The yeast expression system has the advantages of both prokaryotic and advanced eukaryotic systems. It has the characteristics of common culture conditions, fast growth rate, relatively low cost, the ability to process proteins after translation, and easy access to soluble active recombinant proteins, etc., and is widely used in the production and preparation of recombinant proteins, especially eukaryotic proteins. Among them, Pichia pastoris has become a priority for yeast to express recombinant proteins due to its advantages of fast growth, abundant commercial expression vectors and high efficient secretion and expression.

1. Different vectors, different affinity tags (HIS, FC), secretion or intracellular expression can be selected after 1 to 2 weeks of shuttle vector construction; Our company can provide PPIC9K and PPICZAA secreted expression vectors free of charge. At the same time, we can provide our company's self-constructed PPIC9K-SUMO (mutation) vector to customers according to customer requirements and special conditions such as small target protein (less than 8KD). In this way, the expression level can be greatly improved and the characteristics of small protein are easy to degrade and not easy to purify can be overcome (1500 yuan is needed).

2.According to customer requirements and gene characteristics, suitable endonuclease linearized recombinant plasmid was selected and electrically transformed into Pichia pastoris GS115 or X-33, and the expected methanol utilization phenotype of the transformant was obtained.

3. Screening of high-copy yeast inverters (optional) for 2-3 weeks. If the GS115/ PPIC9K system was selected, G418 resistance screening (EG :0.5mg/mL, 1mg/mL, 2mg/mL) was performed after the first round of nutritional deficiency screening. If the X33/ PPICZAA system is selected, this step is combined with Step 2 in a gradient pressure screening process;

4 PCR identification of yeast positive transformants Several strains of high-copy yeast transformants were selected in 1 week, and the corresponding genomic DNA was extracted for identification by PCR (primers 5AOX1 and 3AOX1 could simultaneously identify the methanol utilization phenotype of the transformants).

5. Induced expression and isolation and purification of recombinant protein A few strains of high-copy yeast transformers (5-10 strains) were selected for small amount of induction expression (methanol as inducer) in one week, and the yeast induced superintents were collected at different time points for SDS-PAGE electrophoresis or DOT-blot analysis, so as to determine the optimal sampling time. Yeast inverters with the highest expression level (the same step 3 can be mutually verified);

6. Separation and purification of recombinant proteins for 1 week. The suitable chromatographic methods were selected to purify recombinant proteins. The commonly used chromatographic methods were: affinity chromatography (Ni, Proteina), anion and cation exchange chromatography (Q, SP), molecular exclusion chromatography, etc.
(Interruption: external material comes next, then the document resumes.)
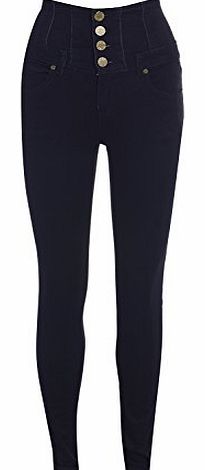 SS7 Womens High Waisted Jeans, Navy, Sizes 6 to 14 (UK - 14, Navy)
The purity of the recombinant protein was detected by SDS-PAGE electrophoresis, the concentration of the recombinant protein was quantified by BCA, and the immunogenicity of the recombinant protein was detected by Western-blot.
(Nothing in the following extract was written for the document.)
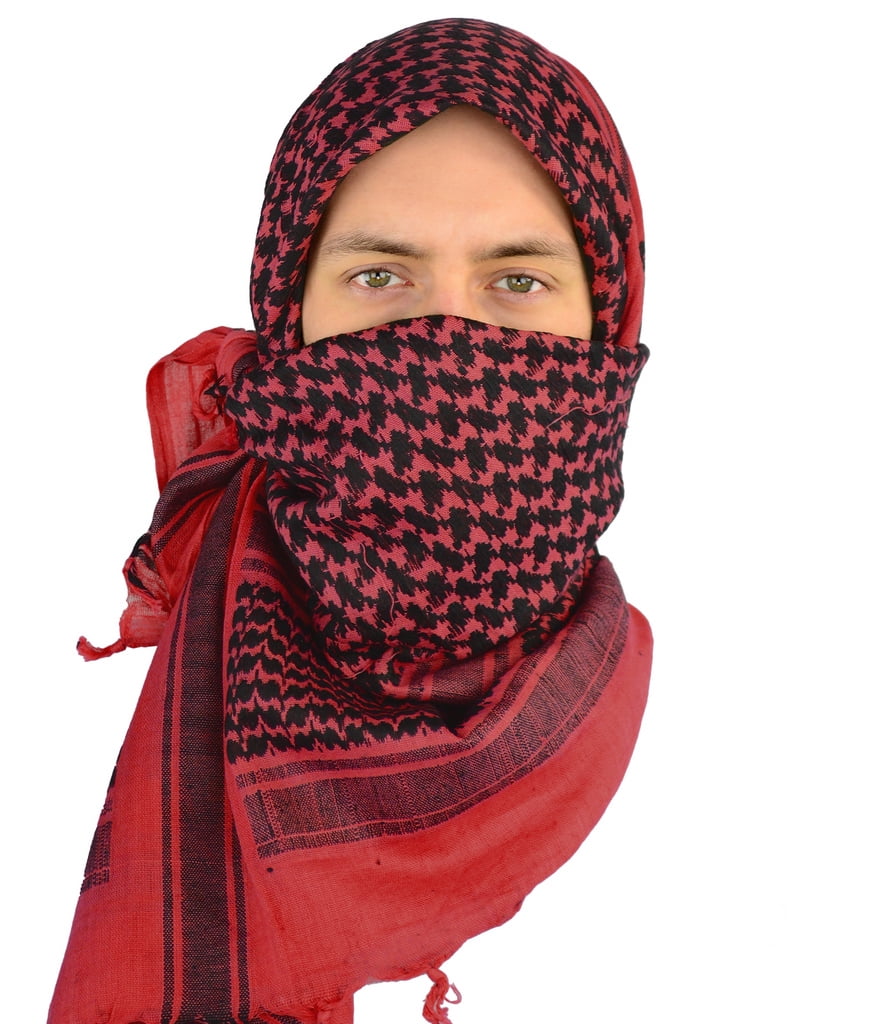 Shemagh Keffiyeh Islamic Headscarf Red/Black Large Arab Scarf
Case study: Secretory expression of a recombinant enzyme in Pichia pastoris (GS115/ PPIC9K system)

Background: The recombinant enzyme gene was inserted into PPIC9K vector by seamless cloning technology, and then electrotransformed into Pichia pastoris GS115, coated with MD plate for preliminary screening, and then several yeast inverters (300 strains of >) on MD plate were selected for G418 gradient screening (G418 concentration was set as 0.5mg/ml, 1mg/ml, 2mg/ml gradient). Finally, 8 strains of yeast transformants were selected from plates containing different concentrations of G418 and expressed with methanol. After 3 days, the expression superintents of each transformant were harvested for SDS-PAGE detection.
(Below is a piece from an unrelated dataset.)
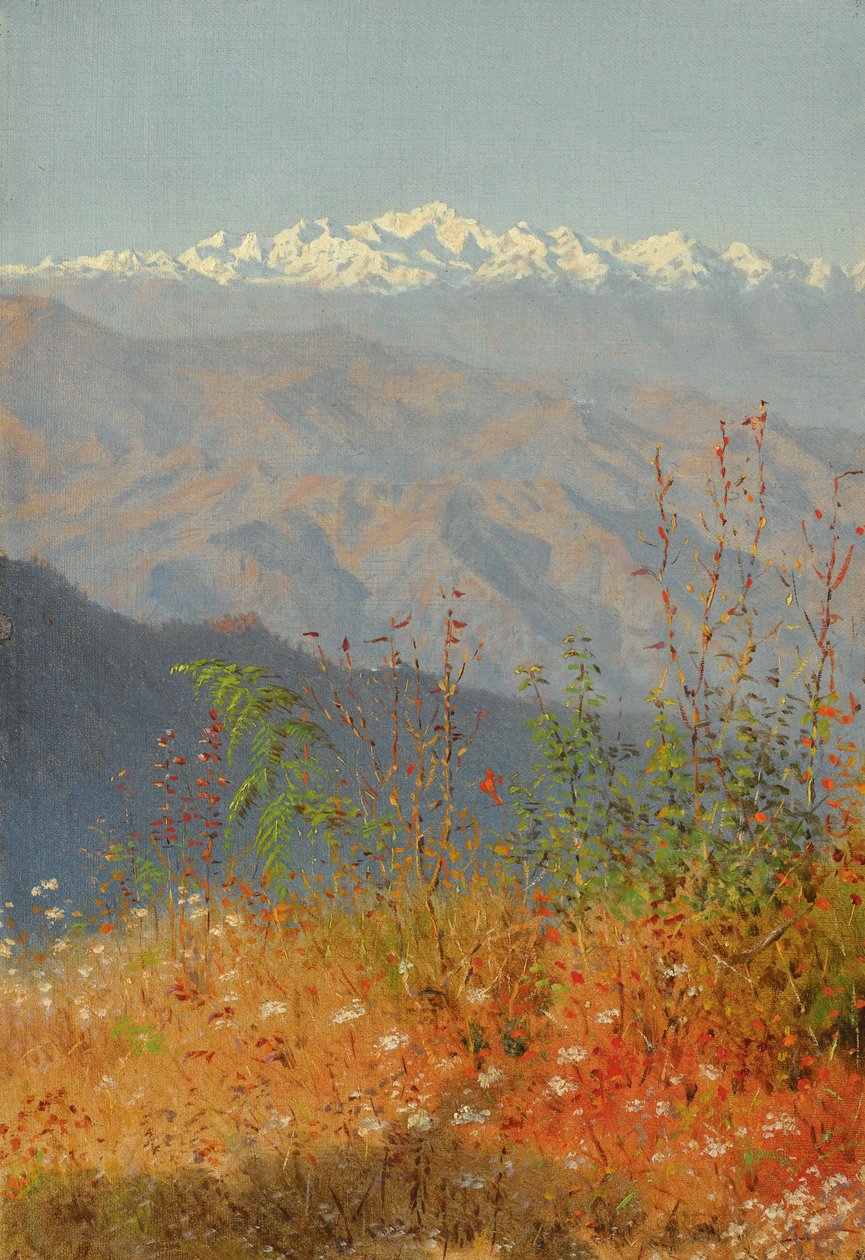 Naplemente a Himalájában alkotó: Vasili Vasilievich Vereshchagin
Conclusion: It can be seen from the figure that the expression levels of the 8 yeast transformants are ranked as follows: translane 1,3> track,4> track 5,6,7,8. According to the horizontal comparison of expression levels and combined with the gray scanning results of BandScan software, it is highly possible that: Trans 1 and 3 had the same copy number of foreign genes, Trans 2 and 4 had the same copy number of foreign genes, Trans 5, 6, 7 and 8 had the same copy number of foreign genes.